The few Riverine Protected Areas that we have are facing mounting pressures:
- National Chambal Sanctuary: National Chambal Sanctuary protects approximately 425 kms of the Chambal River flowing through three states of Rajasthan, Madhya Pradesh and Uttar Pradesh. The sanctury protects the spectacular river as well as critically endangered species like Gharial (Gavialis gangeticus) which depend on the river and its flow.The region suffers huge water deficit due to, as Tarun Nair says, “the presence of over 200 irrigation projects and four major dams in the Chambal Basin. The river does not flow below the Kota barrage for most of the year. These notwithstanding, 52 irrigation projects are under construction and 376 projects have been planned in the basin”.Although, the Standing Committee of the National Board for Wildlife had, in 2011, decided that it will not entertain any more projects affecting National Chambal Sanctuary, in 2013 the Board cleared one more project in form of an uptake well from Kota Barrage.Projects like planned Mohanpura Irrigation Project, Kundaliya Irrigation Project in Madhya Pradesh and Parbati Kali Sindh Interlinking project will drive the fragile National Chambal Sanctuary to the brink of survival. There seems no protection for the water in Chambal and all three states involved (Madhya Pradesh, Rajasthan and Utter Pradesh) seem interested only in bleeding the river dry..
- Ken Ghariyal Sanctuary: Ken Gharial Sanctuary is also targeted to protect Gharial in Ken River, Madhya Pradesh.The Ken Betwa Link, whose EIA was one of the shoddiest EIA seen in recent years, does not even mention the impact of this link on Ken Ghariyal Sanctuary, downstream of the project site. According to Kishore RItheFormer member if the Standing Committee of the National Board for wildlife, who has analysed the DPR of Ken Betwa Link, writes In The Sanctuary, “The controversial DPR reveals that in the pinch period between April and June, no water from the Ken will be available for wildlife. This will have a domino downstream impact on the Ken Gharial Wildlife Sanctuary”

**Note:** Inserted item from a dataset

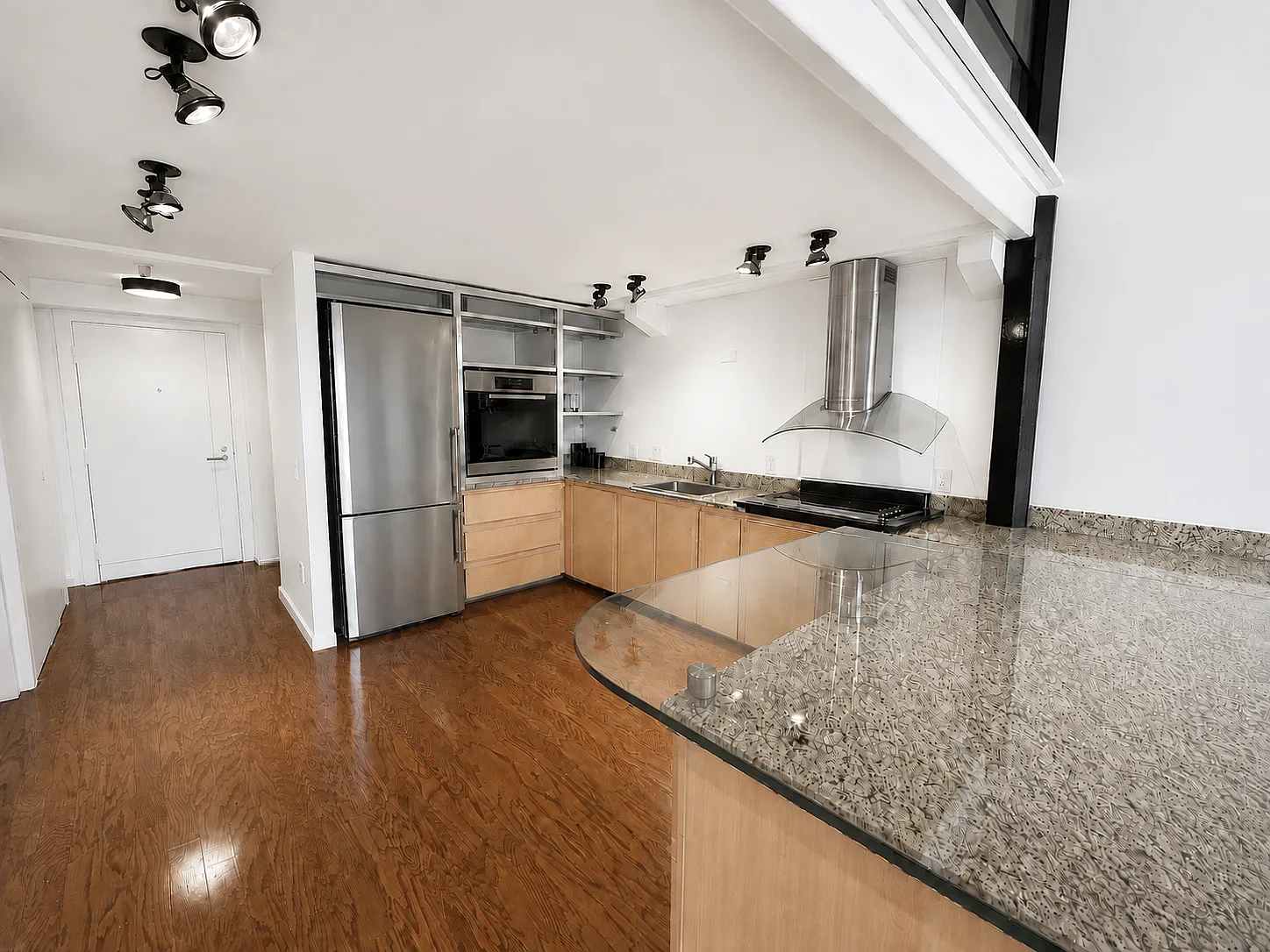 1 bed, 1.5 bath, 1296 sqft, $6,800 — Photo 4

- Vikramshila Dolphin Sanctuary: The unique Dolphin Sanctuary in Uttar Pradesh with a thriving population of Gangetic Dolphins, India’s National Aquatic Animal, will be destroyed if the proposed dredging and damming envisioned by the National Waterway 1 (Ganga Waterway) goes through, says Dr. Sunil Chaudhary who has played a pivotal role in the management of the Sanctuary. Although there are isolated reports of work on the Waterway being initiated already, there are no studies being conducted to assess the impact of the project on Vikramshila Dolphin Sanctuary, leave aside permissions from the National Board for Wildlife as per the Wildlife (Protection) Act 1972!

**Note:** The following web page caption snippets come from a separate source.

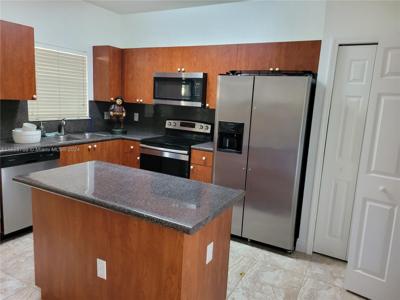 2905 SE 15th Ter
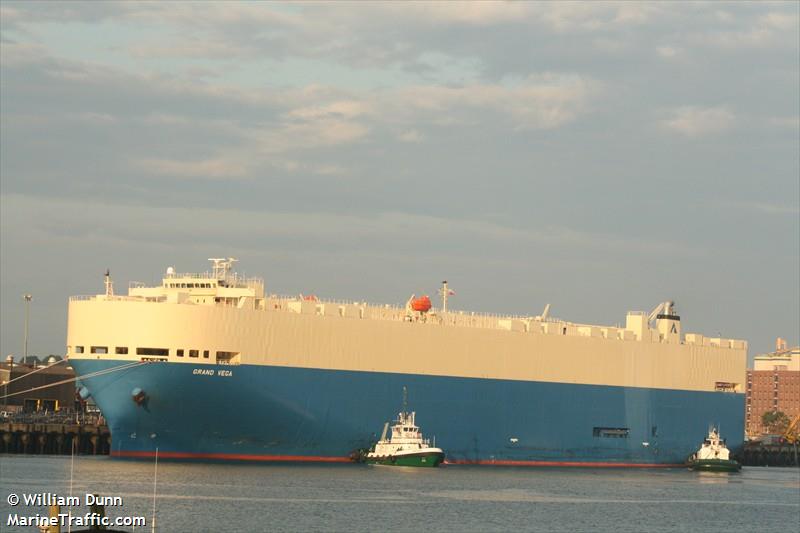 grand vega (Vehicles Carrier) - IMO 9355252, MMSI 356909000, Call Sign 3FWB5 under the flag of Panama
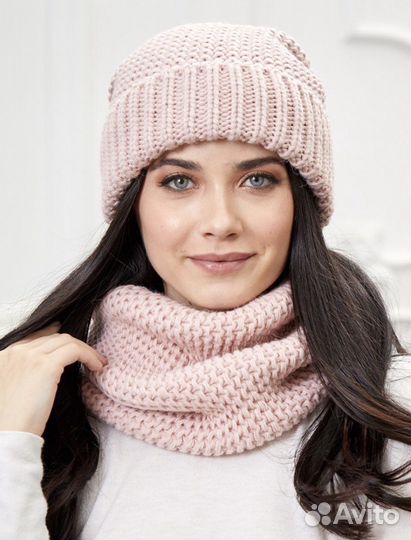 Комплект шапка и снуд женский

- Cauvery Wildlife Sanctuary lies in Mandya, Chamrajnagara and Ramanagara Distrcts of Karnataka along the Cauvery, just as the River enters Tamilnadu. As per SANDRPs report, nearly 100 Mini Hydel Projects have been planned and constructed across the river. Commissioned projects have severely affected the longitudinal connectivity of the river, causing erratic and untimely water releases. Some of these projects may also be actually encroaching inside the Sanctuary. There has been no study of the impacts of this very high density of hydel projects on the Riverine Ecosystem or the protected area. Karnataka’s proposed Mekedatu Hydroproject will destroy large parts of this protected area.
Looking at the plight of Wetlands throughout the country, we urge:
- The MoEF to amend Wetlands Rules (2010) to include Main River channels in its definition of Wetlands, in line with Ramsar Convention’s definition of Wetlands.

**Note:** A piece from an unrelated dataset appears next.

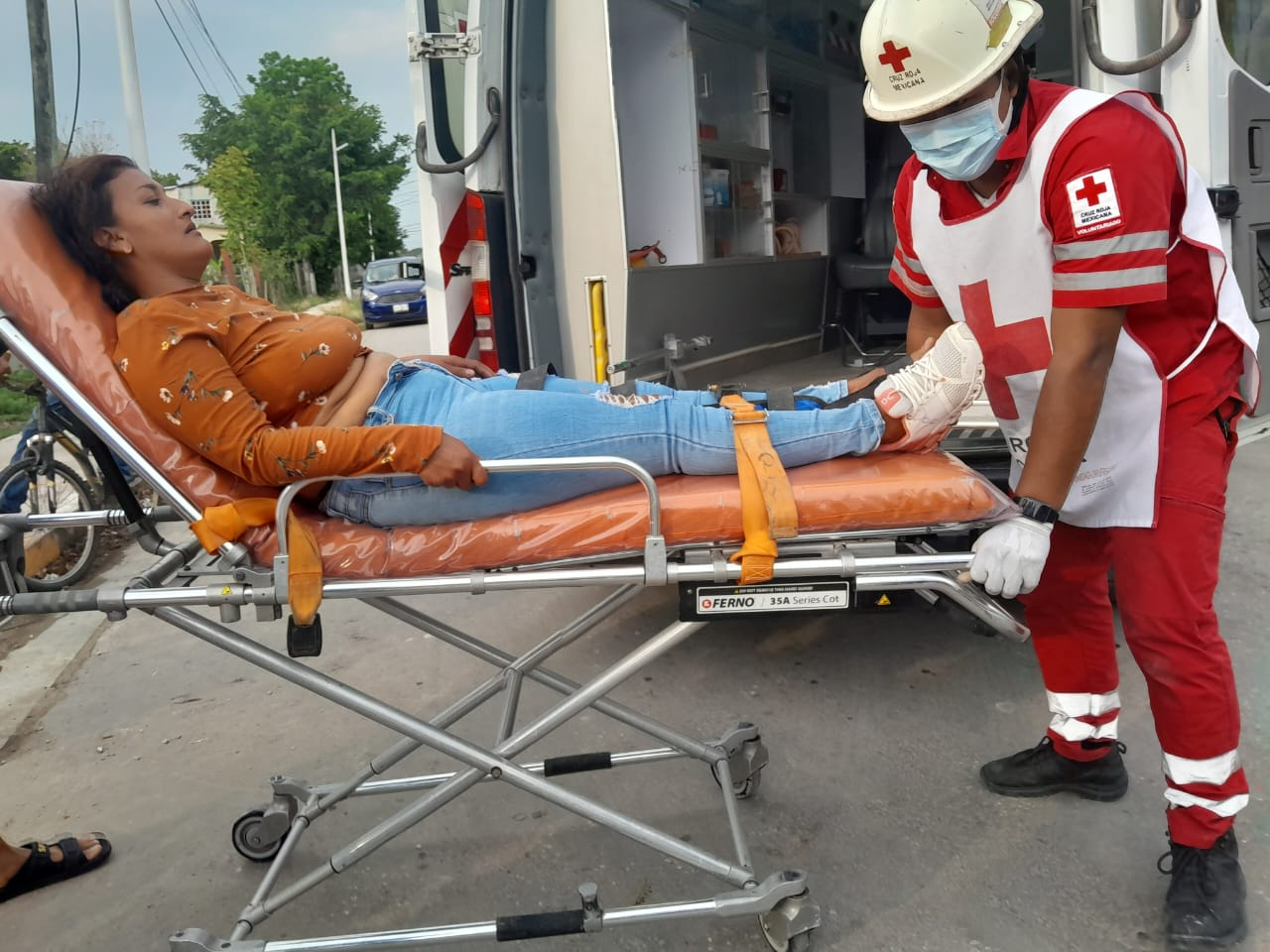 Pareja resulta lesionados en choque de camioneta con motocicleta Pareja resulta lesionados en choque de camioneta con motocicleta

- Nomination and protection of more Rivers and Riverine stretches as valuable, protected wetlands and ecosystems.
- Utmost protection to the natural hydrology of specific rivers and wetlands from being impacted by further by water abstractions or dams.
- Legal protection to rivers, mandating that no more than 50% of the water from a river can be taken out by any project at any given point of time, as directed by the Allahabad High Court.